Blog de Pierre Eyben

Ecologie plus verte, socialisme plus rouge
leave
En trois lignes Humeur du jour

BREXIT : Est-ce véritablement une bonne nouvelle ?

Vu leurs positions atlantistes et le rôle invariablement néfaste de la City sur la financiarisation de l’économie, on serait en première intention tenté de se réjouir unanimement du BREXIT, d’autant qu’il constitue une première brèche dans l’UE (dont on ne peut pas exactement dire que ce soit une structure politique qui pousse au progrès) et permet d’échapper (a priori) aux accords iniques à la carte qu’avait négocié Cameron en échange du IN.

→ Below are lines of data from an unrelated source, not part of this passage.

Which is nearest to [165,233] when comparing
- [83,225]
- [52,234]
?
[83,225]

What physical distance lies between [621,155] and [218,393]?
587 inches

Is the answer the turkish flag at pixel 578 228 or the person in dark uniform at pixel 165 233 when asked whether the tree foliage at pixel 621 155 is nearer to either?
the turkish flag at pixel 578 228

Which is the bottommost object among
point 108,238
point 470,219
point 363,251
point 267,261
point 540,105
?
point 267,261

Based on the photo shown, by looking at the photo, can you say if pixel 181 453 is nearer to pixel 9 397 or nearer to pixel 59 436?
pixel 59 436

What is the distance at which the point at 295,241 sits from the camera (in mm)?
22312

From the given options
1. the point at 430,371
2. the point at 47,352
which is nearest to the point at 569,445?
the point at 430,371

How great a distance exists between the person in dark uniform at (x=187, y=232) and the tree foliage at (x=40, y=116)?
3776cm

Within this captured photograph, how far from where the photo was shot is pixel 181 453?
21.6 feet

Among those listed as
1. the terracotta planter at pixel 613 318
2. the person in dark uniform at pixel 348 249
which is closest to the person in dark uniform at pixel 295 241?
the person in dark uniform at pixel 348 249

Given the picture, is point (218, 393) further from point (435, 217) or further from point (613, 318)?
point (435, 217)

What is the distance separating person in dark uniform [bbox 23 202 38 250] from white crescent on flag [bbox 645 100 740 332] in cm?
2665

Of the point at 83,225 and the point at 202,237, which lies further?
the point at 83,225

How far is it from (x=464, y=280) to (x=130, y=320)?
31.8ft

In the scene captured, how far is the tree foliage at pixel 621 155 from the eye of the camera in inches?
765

Oui mais … L’hypothèse de voir demain le paradis fiscal luxembourgeois et plus encore Frankfurt reprendre la rôle de première place financière européenne est-elle si réjouissante ? Est-on convaincu que le Royaume-Uni ait été le seul frein à une UE politique ? L’UE est-elle désormais plus réformable ? Quelle majorité de pays souhaitent penser au delà d’une logique nationale dans laquelle les Etats européens se font concurrence (sur le dos des travailleurs soit dit en passant)?
La sortie dont il est question est majoritairement (pas uniquement j’en conviens) une sortie par la droite, pour encore plus de concurrence et de dumping entre Etats, pour encore davantage de financiarisation de l’économie, pour se défaire des derniers fifrelins de protectionnisme et de régulation existants (voir notamment le soutien au BREXIT des hedge funds), pour une politique encore plus inhumaine vis à vis des réfugiés,etc. C’est évidemment un droit naturel que celui à l’auto-détermination.  Mais ne prétendons pas que le BREXIT annonce un virage politique forcément souhaitable.

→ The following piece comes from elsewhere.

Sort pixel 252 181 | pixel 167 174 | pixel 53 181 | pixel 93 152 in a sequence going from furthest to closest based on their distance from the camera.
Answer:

Le jour où un référendum critique par rapport à l’UE sur une base de gauche et anti-austérité se dessinera, avec un autre rapport de force que ce qui s’est produit en Grèce, on pourra et devra se réjouir. Mais ce n’est pas ce qui vient de se dérouler avec le BREXIT qui, à mon estime, est plutôt une mauvaise nouvelle pour la gauche européenne (ce qui ne veut pas dire pro-UE).

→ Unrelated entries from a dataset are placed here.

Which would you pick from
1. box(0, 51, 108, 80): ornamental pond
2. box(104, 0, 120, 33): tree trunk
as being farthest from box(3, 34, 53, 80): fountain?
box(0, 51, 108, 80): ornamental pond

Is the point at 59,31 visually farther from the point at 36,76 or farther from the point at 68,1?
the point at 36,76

Il y a une certaine lucidité populaire à comprendre que l’UE est aujourd’hui une machine à broyer les conquêtes sociales. Mais ni Farage en Angleterre, ni Le Pen en France, ni Orban en Hongrie, n’ont pour programme se s’appuyer sur le retour à plus d’autonomie nationale pour contrer cette situation, au contraire. Dans le grand bain de la mondialisation capitaliste, construire un contre-modèle disposant d’un taille critique garde à mon estime tout son sens.  Mais ce n’est ni le modèle de cette UE, ni celui de la majorité des partisans actuels de la sortie de l’UE.